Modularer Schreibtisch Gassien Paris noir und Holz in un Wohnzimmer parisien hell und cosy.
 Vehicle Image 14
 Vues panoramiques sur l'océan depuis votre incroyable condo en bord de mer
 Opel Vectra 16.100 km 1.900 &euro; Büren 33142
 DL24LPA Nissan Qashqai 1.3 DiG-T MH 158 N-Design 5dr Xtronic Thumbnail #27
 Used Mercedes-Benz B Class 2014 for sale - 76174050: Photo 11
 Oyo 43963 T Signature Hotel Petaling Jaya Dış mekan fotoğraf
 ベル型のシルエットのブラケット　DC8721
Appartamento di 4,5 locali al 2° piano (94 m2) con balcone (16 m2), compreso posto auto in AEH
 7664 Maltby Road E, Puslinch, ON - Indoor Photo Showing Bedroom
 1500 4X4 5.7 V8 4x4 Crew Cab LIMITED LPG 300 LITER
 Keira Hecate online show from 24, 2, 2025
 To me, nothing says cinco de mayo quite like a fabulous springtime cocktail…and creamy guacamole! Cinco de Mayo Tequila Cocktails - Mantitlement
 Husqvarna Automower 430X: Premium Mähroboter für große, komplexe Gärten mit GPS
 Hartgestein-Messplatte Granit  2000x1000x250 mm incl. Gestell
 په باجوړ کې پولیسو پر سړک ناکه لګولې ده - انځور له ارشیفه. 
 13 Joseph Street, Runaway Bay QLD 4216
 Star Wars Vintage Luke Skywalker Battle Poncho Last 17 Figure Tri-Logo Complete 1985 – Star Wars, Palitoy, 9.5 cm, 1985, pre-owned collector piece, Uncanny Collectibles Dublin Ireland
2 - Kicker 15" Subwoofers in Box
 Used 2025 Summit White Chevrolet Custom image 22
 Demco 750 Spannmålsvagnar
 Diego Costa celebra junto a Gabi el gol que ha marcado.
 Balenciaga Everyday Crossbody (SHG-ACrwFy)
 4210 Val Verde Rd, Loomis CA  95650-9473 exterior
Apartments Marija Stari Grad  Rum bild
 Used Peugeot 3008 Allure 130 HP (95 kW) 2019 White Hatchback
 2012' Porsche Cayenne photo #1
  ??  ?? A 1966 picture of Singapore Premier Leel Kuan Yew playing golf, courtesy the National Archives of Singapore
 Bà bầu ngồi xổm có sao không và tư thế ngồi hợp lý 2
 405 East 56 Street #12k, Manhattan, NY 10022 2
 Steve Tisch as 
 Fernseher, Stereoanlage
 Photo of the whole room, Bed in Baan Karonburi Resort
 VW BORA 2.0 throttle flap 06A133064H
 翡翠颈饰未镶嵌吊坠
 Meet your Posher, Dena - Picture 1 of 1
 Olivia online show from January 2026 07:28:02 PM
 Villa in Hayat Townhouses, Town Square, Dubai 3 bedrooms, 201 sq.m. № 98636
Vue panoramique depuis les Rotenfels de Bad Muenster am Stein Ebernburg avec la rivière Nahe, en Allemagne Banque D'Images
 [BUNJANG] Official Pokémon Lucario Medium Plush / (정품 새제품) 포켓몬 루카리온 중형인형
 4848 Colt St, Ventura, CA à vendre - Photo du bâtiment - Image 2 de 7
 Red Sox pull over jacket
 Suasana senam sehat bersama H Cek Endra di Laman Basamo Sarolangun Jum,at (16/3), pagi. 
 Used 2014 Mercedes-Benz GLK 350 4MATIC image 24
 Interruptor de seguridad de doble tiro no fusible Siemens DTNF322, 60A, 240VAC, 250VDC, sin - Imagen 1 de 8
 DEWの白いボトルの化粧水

--- WHAT IS NEEDED ---
All lines in the listing above with the string "Benz" should be returned.

--- RESULT OF THIS EXERCISE ---
 Used Mercedes-Benz B Class 2014 for sale - 76174050: Photo 11
 Used 2014 Mercedes-Benz GLK 350 4MATIC image 24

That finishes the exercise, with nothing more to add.